▸ What you will do
The answer must repeat every record exactly, with all pictures omitted.

Caption-style text data:
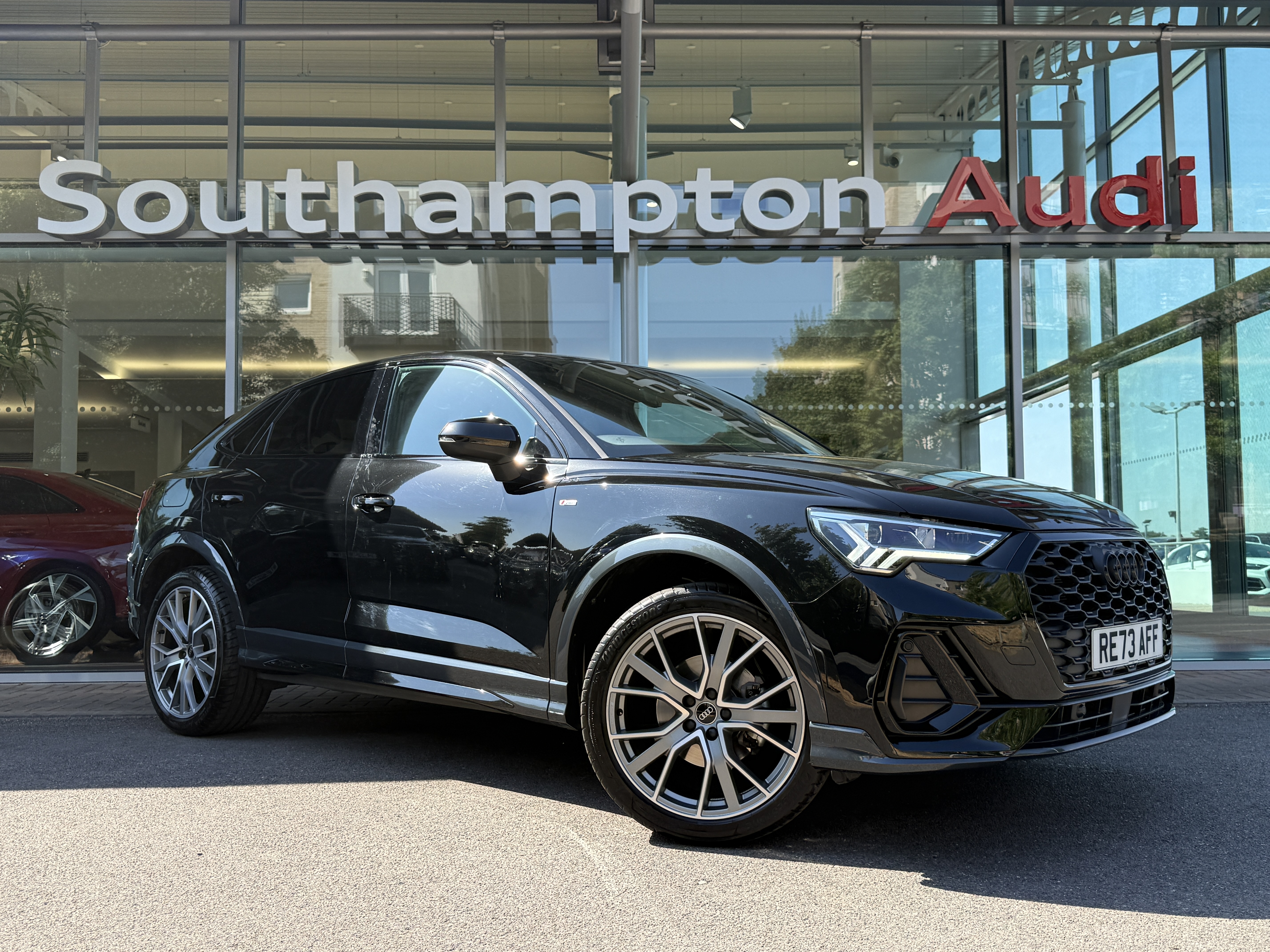Main listing image - Audi Q3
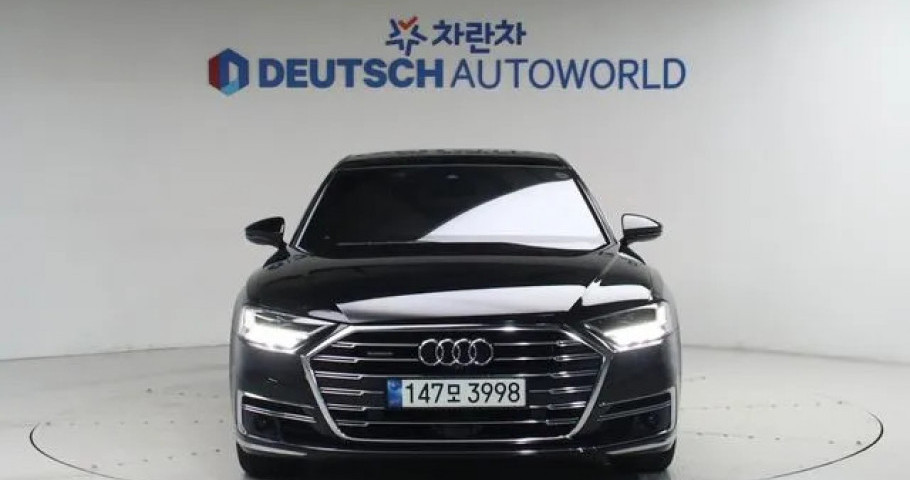 Audi A8 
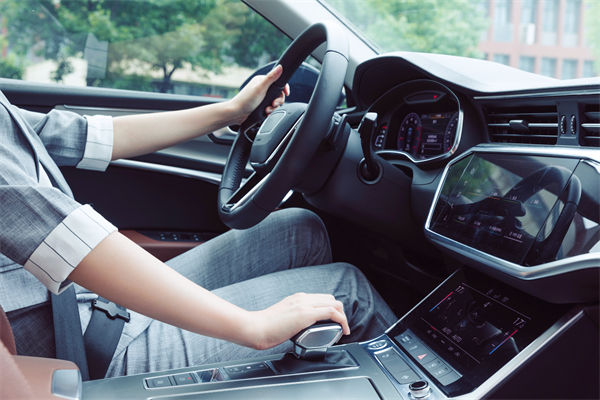 女子工資4600每天花近百元通勤上班，人力資源怎么看？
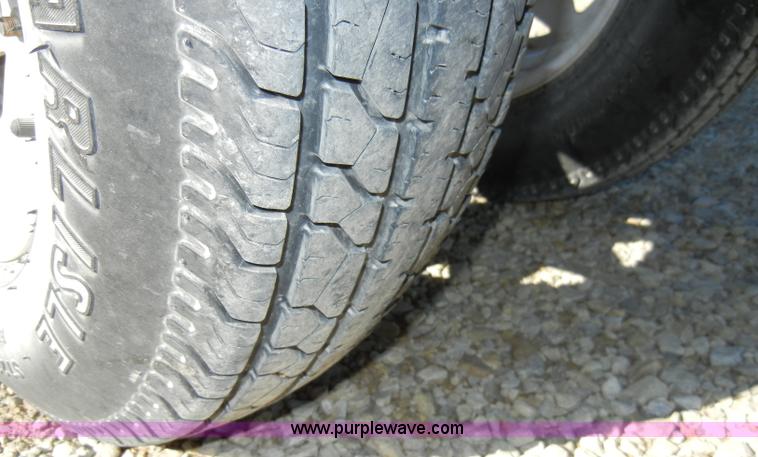 image for item H9052 2009 Unverferth RoadRunner 38' header trailer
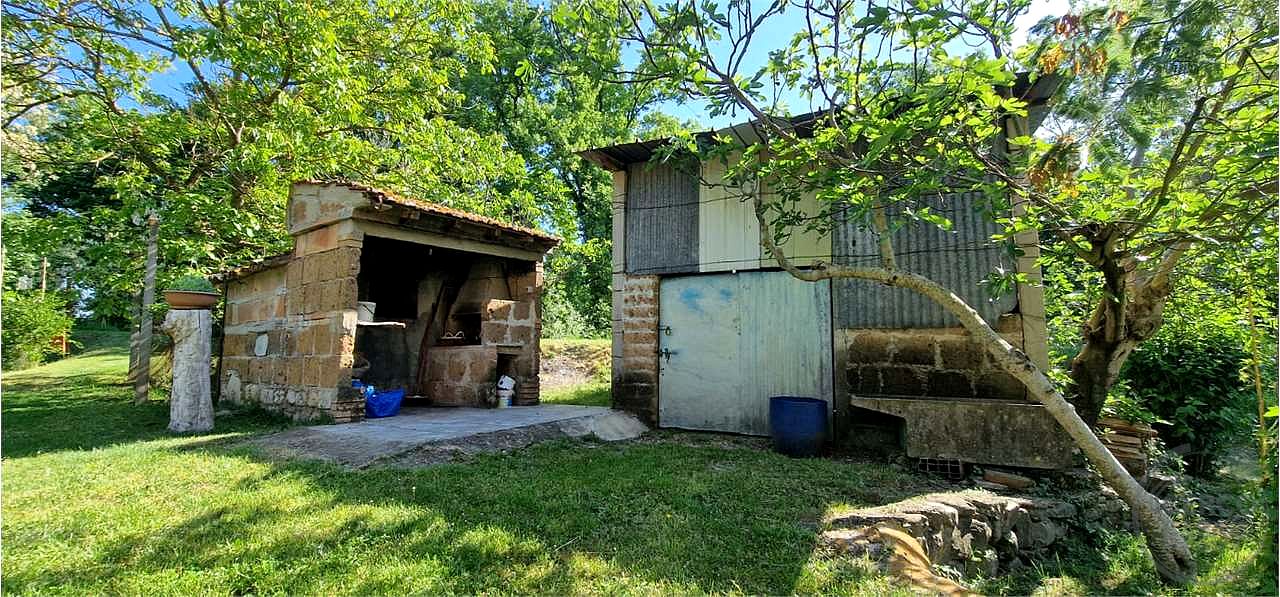 TODI - PIAN DI SAN MARTINO: CASALE CON TERRENO CIRCOSTANTE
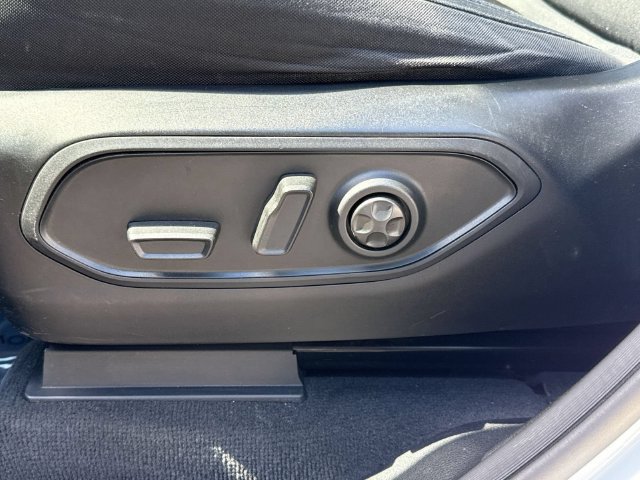 Used 2024 Jeep Grand Cherokee L Laredo AWD/4WD image 14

▸ Solution for this exercise
Main listing image - Audi Q3
 Audi A8 
 女子工資4600每天花近百元通勤上班，人力資源怎么看？
 image for item H9052 2009 Unverferth RoadRunner 38' header trailer
 TODI - PIAN DI SAN MARTINO: CASALE CON TERRENO CIRCOSTANTE
 Used 2024 Jeep Grand Cherokee L Laredo AWD/4WD image 14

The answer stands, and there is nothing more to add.